+++ Provided material

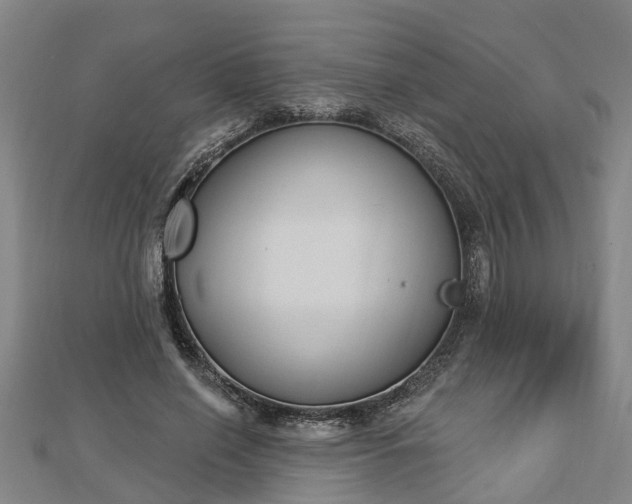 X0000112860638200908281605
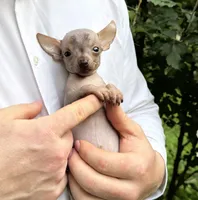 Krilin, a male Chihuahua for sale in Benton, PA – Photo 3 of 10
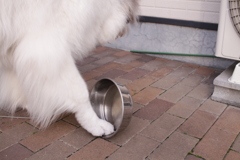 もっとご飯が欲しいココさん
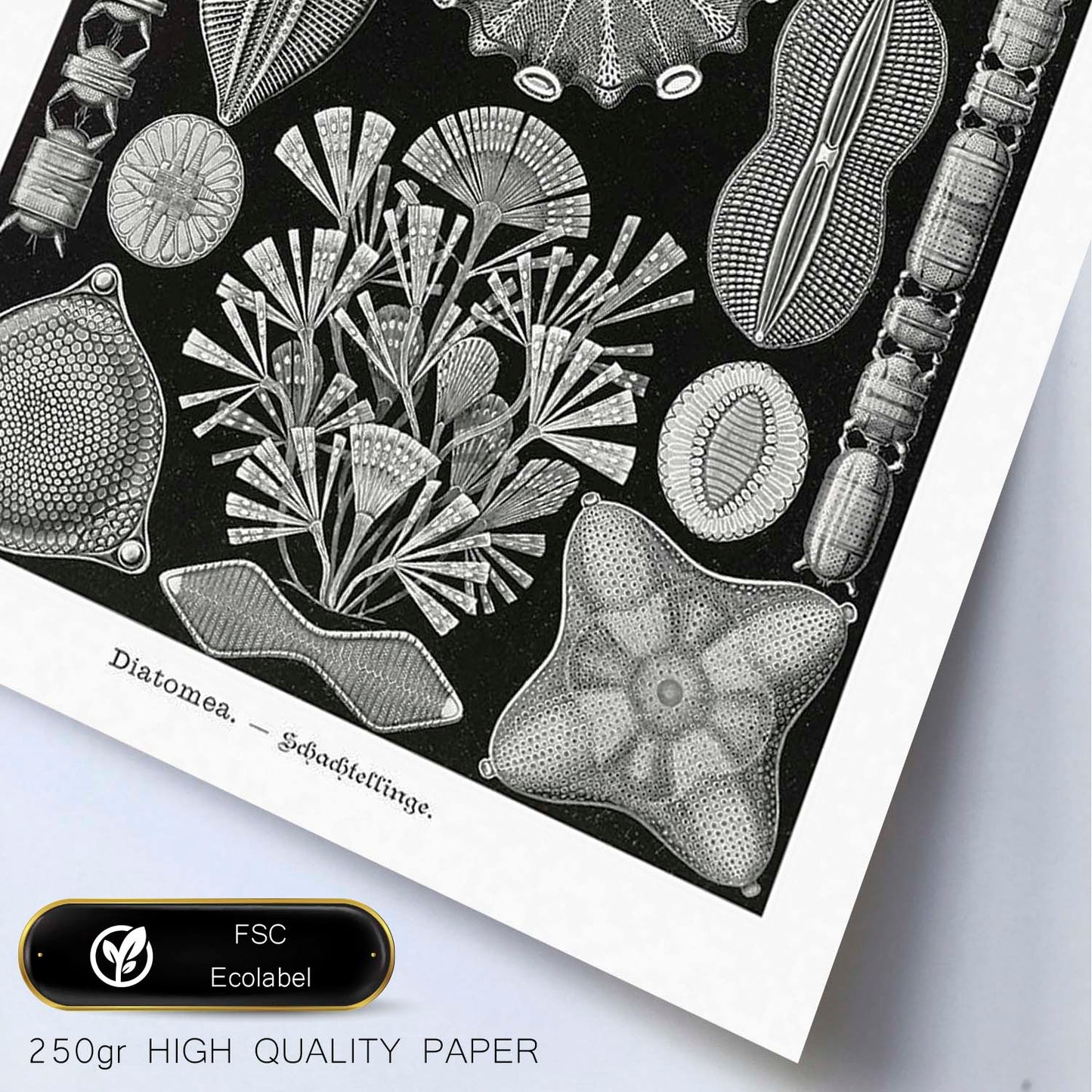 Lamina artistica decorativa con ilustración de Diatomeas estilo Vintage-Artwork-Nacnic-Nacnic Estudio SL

++++++

Directions for this task: Would you write out the material above in full, exactly as given, except for its pictures?

Result for this task:
 X0000112860638200908281605
 Krilin, a male Chihuahua for sale in Benton, PA – Photo 3 of 10
 もっとご飯が欲しいココさん
 Lamina artistica decorativa con ilustración de Diatomeas estilo Vintage-Artwork-Nacnic-Nacnic Estudio SL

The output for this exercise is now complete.